Delegasi level menengah Taliban, Afghanistan, dikabarkan berkunjung ke Indonesia dan dilaporkan berlangsung pada pertengahan Juli lalu. Hal ini dikonfirmasi oleh Juru Bicara Kementerian Luar RI Negeri Teuku Faizasyah, bahwa aktifitas itu memang benar terjadi.
“Kami mengantisipasi proses rekonsiliasi internal, proses demokratisasi yang lebih besar, dan akses pendidikan yang lebih baik bagi perempuan,” kata Faizasyah. Dikatakan bahwa Taliban berada di Jakarta untuk “kegiatan internal dengan misi mereka” dan bahkan tidak bertemu dengan kementerian luar negeri, kata Faizasyah kepada Nikkei Asia.

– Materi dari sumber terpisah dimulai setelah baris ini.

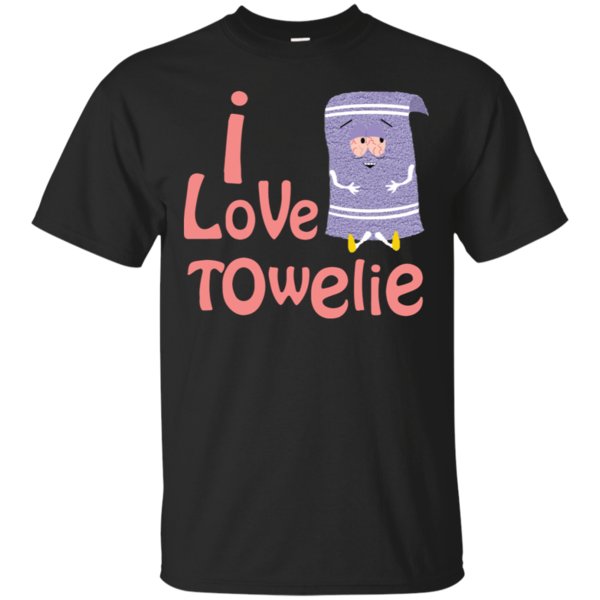 I Love Towelie T Shirt Cotton Shirt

Kantor berita AFP juga melaporkan bahwa pihak Afghanistan mengonfirmasi telah melakukan pertemuan dengan politisi di ibu kota RI. Juru Bicara Kementerian Luar Negeri Afghanistan, Hafiz Zia disebut memimpin delegasi dan mempublikasikannya di Twitter. “Delegasi mengadakan pertemuan dan diskusi yang bermanfaat dengan beberapa cendekiawan, politisi, dan pengusaha di Indonesia,” tulisnya dimuat media tersebut
Selain bertemu dengan pejabat dari Indonesia, pihak Taliban juga bertemu dengan duta besar dari negara lain seperti Sri Lanka, Bangladesh, dan juga Singapura, dilansir dari media Afghanistan, Tolo News. Kunjungan itu, kata para analis, merupakan upaya Taliban “untuk mendapatkan dukungan untuk pengakuan internasional dan menarik investasi asing di Afghanistan untuk menopang ekonominya yang hancur” setelah diambil alih oleh Taliban.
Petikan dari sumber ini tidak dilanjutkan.